The case studies are ordered roughly by overall verdict strength, from the strongest claims to the weakest.
Validated (within scope)
Section titled “Validated (within scope)”Claims with complete evidence across all lenses — limited only by scope.
| Case Study | Claim | Key insight |
|---|---|---|
| Grokking / Modular Addition | Fourier algorithm in toy transformer | The ceiling — what “fully understood” looks like. Every weight matrix explained. |
| Superposition | Features packed as near-orthogonal directions | Validated theory awaiting real-model confirmation. Toy → real gap is the open question. |
Triangulated
Section titled “Triangulated”Evidence converges across multiple independent lenses.
| Case Study | Claim | Key insight |
|---|---|---|
| Induction Heads | Two-head composition for in-context copying | The gold standard in real models. Simple mechanism, broad replication, thick nomological network. |
Causally suggestive
Section titled “Causally suggestive”Strong causal evidence with identifiable gaps preventing advancement.
| Case Study | Claim | Key insight |
|---|---|---|
| IOI Circuit | 26-head indirect object identification mechanism | Most thoroughly analyzed circuit. Strong I1/I2, but method-conditional and specificity untested. |
| Greater-Than | Successor heads encoding ordinal year comparison | Best structural plausibility in MI. ordering evidence is the model for C2. |
| Successor Heads | General-purpose ordinal mechanism across domains | Cross-domain generalization as convergent evidence. Stronger “natural kind” case than single-task circuits. |
| Copy Suppression | Heads that actively suppress incorrect token copying | Unusually clean specificity — ablation produces a specific error type, not general degradation. |
| Docstring Circuit | Variable binding in Python docstrings | Illustrates label risk: “variable binding” vs. simpler “positional copying” not distinguished. |
| Knowledge Neurons / ROME | Factual knowledge localized in MLP layers | A tool can work for the wrong reasons. Strong intervention, weak mechanistic story. |
| Othello World Model | Linear board-state representation | Interpretive inflation: “world model” carries implications beyond “linearly decodable.” |
Proposed
Section titled “Proposed”Claims where evidence has not yet established validity beyond initial identification.

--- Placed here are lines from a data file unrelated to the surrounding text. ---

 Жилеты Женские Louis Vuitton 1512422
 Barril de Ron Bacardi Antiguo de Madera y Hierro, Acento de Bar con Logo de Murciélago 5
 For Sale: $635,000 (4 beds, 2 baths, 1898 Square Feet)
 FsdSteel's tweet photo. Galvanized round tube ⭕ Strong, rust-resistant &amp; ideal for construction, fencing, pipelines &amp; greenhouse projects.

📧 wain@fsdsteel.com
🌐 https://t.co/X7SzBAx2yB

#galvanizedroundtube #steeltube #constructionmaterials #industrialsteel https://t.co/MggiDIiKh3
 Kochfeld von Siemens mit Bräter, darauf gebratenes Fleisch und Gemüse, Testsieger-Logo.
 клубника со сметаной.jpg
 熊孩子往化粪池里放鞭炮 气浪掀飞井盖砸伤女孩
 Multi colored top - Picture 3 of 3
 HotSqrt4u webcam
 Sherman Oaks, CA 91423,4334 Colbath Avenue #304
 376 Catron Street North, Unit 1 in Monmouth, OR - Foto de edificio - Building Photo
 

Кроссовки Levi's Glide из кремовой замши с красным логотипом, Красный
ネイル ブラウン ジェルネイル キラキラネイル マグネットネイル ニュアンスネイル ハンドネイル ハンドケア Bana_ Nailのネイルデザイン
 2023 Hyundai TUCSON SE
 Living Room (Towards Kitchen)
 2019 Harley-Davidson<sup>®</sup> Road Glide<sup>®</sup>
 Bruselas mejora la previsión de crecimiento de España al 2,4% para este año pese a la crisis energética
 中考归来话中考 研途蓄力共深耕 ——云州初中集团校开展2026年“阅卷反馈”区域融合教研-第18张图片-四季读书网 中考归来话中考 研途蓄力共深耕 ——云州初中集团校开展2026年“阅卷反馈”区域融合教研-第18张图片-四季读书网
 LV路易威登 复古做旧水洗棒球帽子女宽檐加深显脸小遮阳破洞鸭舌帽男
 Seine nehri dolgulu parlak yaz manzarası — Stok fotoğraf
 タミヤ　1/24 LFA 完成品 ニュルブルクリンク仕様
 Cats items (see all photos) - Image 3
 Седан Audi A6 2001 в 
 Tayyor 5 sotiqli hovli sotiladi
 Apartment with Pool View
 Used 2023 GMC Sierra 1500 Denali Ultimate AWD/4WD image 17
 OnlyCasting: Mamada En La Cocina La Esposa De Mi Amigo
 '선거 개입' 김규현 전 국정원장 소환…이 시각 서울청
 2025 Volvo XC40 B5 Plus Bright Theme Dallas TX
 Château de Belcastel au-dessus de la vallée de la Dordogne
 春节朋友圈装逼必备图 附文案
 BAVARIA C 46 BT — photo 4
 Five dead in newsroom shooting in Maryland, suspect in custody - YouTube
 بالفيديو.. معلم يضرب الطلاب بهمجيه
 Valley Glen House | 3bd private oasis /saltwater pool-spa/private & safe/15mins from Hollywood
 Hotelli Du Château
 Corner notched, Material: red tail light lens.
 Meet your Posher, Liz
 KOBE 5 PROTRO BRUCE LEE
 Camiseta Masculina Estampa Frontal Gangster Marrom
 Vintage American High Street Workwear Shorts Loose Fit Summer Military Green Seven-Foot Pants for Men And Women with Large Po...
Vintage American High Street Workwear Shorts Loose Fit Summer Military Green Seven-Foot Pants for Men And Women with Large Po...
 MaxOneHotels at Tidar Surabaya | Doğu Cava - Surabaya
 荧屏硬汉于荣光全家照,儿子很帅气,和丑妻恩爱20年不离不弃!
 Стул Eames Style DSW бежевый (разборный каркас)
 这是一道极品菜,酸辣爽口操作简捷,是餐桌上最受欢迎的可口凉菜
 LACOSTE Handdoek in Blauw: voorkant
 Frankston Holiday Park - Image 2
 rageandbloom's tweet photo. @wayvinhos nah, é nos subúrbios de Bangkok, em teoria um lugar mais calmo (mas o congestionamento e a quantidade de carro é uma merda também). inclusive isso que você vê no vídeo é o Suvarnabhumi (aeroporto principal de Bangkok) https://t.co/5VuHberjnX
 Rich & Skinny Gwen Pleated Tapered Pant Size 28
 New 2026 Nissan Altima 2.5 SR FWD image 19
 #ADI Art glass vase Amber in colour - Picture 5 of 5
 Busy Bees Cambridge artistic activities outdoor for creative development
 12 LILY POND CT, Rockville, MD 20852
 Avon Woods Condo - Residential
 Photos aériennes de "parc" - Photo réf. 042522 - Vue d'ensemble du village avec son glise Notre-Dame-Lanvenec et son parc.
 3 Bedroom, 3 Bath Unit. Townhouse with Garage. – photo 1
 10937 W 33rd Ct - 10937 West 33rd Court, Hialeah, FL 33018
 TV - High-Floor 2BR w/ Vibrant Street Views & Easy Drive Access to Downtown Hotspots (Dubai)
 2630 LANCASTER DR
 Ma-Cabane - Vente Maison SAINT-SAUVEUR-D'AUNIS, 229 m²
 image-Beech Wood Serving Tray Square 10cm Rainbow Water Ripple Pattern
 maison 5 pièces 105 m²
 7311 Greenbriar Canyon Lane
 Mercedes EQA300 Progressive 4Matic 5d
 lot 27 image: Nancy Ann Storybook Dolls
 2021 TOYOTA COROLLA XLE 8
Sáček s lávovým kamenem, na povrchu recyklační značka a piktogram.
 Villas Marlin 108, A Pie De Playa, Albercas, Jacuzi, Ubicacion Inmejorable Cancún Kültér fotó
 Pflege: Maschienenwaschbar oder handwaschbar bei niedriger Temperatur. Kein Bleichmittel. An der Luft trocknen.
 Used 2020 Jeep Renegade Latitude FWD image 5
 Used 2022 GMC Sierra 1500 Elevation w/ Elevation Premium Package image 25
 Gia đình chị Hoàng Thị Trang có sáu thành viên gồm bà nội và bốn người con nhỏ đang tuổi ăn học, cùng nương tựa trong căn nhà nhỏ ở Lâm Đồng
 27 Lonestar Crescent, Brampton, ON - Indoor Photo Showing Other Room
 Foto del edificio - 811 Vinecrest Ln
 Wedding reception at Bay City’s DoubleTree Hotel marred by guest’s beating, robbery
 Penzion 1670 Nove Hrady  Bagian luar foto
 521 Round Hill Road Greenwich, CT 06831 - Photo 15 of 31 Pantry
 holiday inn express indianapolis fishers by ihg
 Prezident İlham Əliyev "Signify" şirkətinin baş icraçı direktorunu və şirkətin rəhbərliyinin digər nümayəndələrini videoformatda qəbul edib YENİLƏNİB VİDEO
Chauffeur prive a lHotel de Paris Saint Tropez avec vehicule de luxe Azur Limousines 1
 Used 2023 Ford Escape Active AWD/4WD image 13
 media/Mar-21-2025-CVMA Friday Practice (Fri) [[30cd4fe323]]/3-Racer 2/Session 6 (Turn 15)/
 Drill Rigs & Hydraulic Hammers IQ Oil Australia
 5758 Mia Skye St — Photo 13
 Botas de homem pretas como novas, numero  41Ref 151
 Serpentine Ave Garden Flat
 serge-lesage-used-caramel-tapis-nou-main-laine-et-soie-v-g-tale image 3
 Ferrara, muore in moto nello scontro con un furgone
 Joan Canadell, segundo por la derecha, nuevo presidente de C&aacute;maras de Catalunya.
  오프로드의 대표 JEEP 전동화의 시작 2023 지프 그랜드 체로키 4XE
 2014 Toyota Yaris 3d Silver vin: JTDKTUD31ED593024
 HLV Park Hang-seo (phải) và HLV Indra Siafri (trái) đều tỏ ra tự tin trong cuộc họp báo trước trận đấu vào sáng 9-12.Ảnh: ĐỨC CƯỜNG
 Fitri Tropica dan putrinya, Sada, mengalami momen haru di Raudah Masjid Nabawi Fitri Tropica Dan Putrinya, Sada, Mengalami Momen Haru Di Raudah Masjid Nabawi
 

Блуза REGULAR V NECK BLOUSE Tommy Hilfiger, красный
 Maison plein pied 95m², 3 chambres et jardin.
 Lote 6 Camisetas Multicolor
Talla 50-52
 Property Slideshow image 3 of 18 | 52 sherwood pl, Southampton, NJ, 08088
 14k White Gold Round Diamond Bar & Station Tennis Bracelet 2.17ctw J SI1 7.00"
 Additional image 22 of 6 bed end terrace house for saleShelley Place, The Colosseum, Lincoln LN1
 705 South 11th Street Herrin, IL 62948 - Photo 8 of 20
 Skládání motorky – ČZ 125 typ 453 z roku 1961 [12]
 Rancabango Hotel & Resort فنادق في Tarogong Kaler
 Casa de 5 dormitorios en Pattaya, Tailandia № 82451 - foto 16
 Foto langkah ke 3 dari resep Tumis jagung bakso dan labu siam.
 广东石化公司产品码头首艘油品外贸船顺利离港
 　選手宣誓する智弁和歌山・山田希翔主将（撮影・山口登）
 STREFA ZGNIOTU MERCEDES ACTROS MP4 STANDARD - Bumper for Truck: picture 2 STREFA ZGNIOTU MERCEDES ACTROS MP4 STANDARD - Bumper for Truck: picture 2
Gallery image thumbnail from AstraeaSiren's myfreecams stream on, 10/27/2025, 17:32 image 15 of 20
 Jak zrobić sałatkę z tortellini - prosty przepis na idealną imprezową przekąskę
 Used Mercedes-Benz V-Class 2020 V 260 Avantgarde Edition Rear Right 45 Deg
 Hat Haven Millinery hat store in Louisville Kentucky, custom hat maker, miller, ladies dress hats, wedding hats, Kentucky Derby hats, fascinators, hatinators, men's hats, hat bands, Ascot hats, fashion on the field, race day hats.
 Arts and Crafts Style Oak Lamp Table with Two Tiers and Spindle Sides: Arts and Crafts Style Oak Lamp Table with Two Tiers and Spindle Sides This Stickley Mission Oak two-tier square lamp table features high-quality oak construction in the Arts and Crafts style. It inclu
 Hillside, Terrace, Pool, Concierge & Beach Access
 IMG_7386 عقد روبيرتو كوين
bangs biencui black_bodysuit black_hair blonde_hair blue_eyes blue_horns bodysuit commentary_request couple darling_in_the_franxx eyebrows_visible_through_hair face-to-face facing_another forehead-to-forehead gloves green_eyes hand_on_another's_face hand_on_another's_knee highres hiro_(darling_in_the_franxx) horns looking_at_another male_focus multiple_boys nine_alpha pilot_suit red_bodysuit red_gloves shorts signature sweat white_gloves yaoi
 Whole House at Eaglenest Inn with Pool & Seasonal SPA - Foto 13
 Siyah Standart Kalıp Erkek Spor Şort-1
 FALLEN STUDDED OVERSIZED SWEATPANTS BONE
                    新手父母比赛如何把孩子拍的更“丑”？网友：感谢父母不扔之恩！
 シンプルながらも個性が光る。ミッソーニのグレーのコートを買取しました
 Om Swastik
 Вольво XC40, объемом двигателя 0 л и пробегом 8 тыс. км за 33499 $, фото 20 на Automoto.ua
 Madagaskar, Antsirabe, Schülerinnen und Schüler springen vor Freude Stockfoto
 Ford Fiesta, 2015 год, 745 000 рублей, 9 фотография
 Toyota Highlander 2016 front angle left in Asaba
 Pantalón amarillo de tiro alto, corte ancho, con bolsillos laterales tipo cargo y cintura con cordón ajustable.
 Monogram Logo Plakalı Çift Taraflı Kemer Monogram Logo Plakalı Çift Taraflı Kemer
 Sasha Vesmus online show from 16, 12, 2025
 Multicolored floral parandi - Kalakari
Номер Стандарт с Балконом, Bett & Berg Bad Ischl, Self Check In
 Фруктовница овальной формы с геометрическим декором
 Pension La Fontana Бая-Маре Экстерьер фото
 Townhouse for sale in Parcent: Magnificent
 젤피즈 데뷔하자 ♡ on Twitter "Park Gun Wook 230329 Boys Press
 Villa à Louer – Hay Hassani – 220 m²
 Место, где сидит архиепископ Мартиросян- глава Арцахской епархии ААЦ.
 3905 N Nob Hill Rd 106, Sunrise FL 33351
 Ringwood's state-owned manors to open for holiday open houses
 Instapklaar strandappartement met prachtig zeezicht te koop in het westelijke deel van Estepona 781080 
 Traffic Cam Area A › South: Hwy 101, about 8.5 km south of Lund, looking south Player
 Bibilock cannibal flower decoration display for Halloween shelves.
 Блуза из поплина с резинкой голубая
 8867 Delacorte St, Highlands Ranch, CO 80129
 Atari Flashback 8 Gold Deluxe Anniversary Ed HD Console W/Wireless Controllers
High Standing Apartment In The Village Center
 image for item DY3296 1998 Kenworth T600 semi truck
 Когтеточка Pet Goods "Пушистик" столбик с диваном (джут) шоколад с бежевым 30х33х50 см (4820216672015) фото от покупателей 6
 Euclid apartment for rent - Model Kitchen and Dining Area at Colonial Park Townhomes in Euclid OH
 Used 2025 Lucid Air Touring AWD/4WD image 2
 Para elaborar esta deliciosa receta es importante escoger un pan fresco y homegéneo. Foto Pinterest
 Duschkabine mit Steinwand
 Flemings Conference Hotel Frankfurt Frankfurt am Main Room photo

| Case Study | Claim | Key insight |
|---|---|---|
| SAE Features | Dictionary directions as computational units | Thin nomological network. Features may be properties of the dictionary, not the model. |
| Probing Classifiers | Linear decodability implies representation | Measurement without intervention = no internal validity. Decodable ≠ encoded. |
| Gender Bias Circuits | Bias localized in removable components | Construct incoherence: bias and knowledge share circuits. The construct itself may not be separable. |
Reading the case studies
Section titled “Reading the case studies”Each case study follows the same structure:
- Introduction — what the claim is and why it matters
- Five lens evaluations — each with per-criterion verdicts (Pass / Partial / Not tested / Weak) and a summary table
- Composite verdict — a table showing the strongest and weakest criterion per lens, plus the overall verdict
The per-criterion verdicts use consistent language:
- Pass — evidence is present and sufficient
- Partial — some evidence exists but with gaps
- Not tested — this criterion was not evaluated in the published work
- Weak — evidence exists but is inadequate or contradicted
- N/A — the criterion does not apply to this type of claim
Patterns across case studies
Section titled “Patterns across case studies”Several patterns emerge from evaluating these claims side by side:
The sufficiency gap. Most circuits demonstrate necessity (I1) but not sufficiency (I2). Only induction heads and grokking demonstrate path-level or full sufficiency.
Method-conditional results. IOI’s headline numbers (87% faithfulness) are specific to mean ablation. Miller et al. (2024) show these drop below 50% under other methods. Ablation type is part of the claim.
The toy-model ceiling. Grokking and superposition reach Validated — but only within toy scope. The gap between toy-model proof-of-concept and real-model confirmation is the field’s central challenge.
Interpretive inflation. “World model,” “deception feature,” “knowledge neuron” — labels that carry theoretical implications beyond what the evidence supports. The framework systematically identifies where labels exceed evidence (V5 scope honesty).
Construct incoherence. Gender bias circuits fail not because evidence is lacking but because the construct itself cannot be separated from legitimate gender processing. Sometimes the right answer is “this question is not well-posed,” not “we need more data.”